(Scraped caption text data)
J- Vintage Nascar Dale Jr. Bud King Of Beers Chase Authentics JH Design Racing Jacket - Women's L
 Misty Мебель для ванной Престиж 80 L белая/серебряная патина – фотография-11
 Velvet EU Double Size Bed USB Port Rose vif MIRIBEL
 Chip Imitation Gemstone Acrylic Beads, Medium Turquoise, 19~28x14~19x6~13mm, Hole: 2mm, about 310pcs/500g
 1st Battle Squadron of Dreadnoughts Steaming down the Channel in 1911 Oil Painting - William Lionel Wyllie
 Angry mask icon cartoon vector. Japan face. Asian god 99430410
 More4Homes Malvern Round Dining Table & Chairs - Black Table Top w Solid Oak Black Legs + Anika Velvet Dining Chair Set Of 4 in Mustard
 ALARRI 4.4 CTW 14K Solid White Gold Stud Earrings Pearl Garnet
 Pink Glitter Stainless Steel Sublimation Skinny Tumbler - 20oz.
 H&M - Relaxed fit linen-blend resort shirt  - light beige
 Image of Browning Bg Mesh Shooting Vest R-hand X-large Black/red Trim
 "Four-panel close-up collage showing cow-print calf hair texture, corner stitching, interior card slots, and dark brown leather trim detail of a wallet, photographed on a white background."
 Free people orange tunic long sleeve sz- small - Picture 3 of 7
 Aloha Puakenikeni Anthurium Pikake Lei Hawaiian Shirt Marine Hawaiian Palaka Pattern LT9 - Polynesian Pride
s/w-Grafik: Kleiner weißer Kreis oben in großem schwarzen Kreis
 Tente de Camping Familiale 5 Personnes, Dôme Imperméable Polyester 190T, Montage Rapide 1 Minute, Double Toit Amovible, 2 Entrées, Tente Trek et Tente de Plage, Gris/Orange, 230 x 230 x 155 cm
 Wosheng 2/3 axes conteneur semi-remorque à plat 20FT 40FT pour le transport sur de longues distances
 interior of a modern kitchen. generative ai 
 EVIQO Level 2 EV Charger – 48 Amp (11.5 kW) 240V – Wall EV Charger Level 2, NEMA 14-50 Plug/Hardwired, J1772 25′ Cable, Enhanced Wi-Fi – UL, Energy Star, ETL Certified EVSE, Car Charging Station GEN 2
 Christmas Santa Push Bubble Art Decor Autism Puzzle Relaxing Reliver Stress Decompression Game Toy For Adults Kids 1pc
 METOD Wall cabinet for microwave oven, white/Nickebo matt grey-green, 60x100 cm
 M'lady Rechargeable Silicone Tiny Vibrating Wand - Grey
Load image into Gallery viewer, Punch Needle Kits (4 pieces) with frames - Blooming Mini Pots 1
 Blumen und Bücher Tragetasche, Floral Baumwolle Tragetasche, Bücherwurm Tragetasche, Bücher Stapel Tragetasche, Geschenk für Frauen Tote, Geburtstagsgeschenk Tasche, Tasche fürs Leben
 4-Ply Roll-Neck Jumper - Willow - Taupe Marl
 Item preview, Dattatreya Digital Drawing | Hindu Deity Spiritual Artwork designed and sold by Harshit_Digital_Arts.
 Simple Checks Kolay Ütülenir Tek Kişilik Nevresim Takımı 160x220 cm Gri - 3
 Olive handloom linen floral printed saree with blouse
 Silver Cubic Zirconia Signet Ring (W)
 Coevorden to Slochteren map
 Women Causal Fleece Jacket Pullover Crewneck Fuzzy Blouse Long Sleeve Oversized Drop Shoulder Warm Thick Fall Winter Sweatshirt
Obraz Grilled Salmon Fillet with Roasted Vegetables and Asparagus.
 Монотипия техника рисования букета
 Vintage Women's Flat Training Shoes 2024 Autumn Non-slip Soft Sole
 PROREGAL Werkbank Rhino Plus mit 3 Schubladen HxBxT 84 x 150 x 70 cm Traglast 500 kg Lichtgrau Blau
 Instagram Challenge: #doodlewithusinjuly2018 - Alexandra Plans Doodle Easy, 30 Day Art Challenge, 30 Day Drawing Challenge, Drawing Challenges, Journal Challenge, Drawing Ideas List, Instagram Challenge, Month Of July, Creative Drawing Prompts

Task directions
Only the lines from the first line of the records through the line with "EVIQO Level 2" should be reproduced, exactly and with nothing added.

Exercise solution
J- Vintage Nascar Dale Jr. Bud King Of Beers Chase Authentics JH Design Racing Jacket - Women's L
 Misty Мебель для ванной Престиж 80 L белая/серебряная патина – фотография-11
 Velvet EU Double Size Bed USB Port Rose vif MIRIBEL
 Chip Imitation Gemstone Acrylic Beads, Medium Turquoise, 19~28x14~19x6~13mm, Hole: 2mm, about 310pcs/500g
 1st Battle Squadron of Dreadnoughts Steaming down the Channel in 1911 Oil Painting - William Lionel Wyllie
 Angry mask icon cartoon vector. Japan face. Asian god 99430410
 More4Homes Malvern Round Dining Table & Chairs - Black Table Top w Solid Oak Black Legs + Anika Velvet Dining Chair Set Of 4 in Mustard
 ALARRI 4.4 CTW 14K Solid White Gold Stud Earrings Pearl Garnet
 Pink Glitter Stainless Steel Sublimation Skinny Tumbler - 20oz.
 H&M - Relaxed fit linen-blend resort shirt  - light beige
 Image of Browning Bg Mesh Shooting Vest R-hand X-large Black/red Trim
 "Four-panel close-up collage showing cow-print calf hair texture, corner stitching, interior card slots, and dark brown leather trim detail of a wallet, photographed on a white background."
 Free people orange tunic long sleeve sz- small - Picture 3 of 7
 Aloha Puakenikeni Anthurium Pikake Lei Hawaiian Shirt Marine Hawaiian Palaka Pattern LT9 - Polynesian Pride
s/w-Grafik: Kleiner weißer Kreis oben in großem schwarzen Kreis
 Tente de Camping Familiale 5 Personnes, Dôme Imperméable Polyester 190T, Montage Rapide 1 Minute, Double Toit Amovible, 2 Entrées, Tente Trek et Tente de Plage, Gris/Orange, 230 x 230 x 155 cm
 Wosheng 2/3 axes conteneur semi-remorque à plat 20FT 40FT pour le transport sur de longues distances
 interior of a modern kitchen. generative ai 
 EVIQO Level 2 EV Charger – 48 Amp (11.5 kW) 240V – Wall EV Charger Level 2, NEMA 14-50 Plug/Hardwired, J1772 25′ Cable, Enhanced Wi-Fi – UL, Energy Star, ETL Certified EVSE, Car Charging Station GEN 2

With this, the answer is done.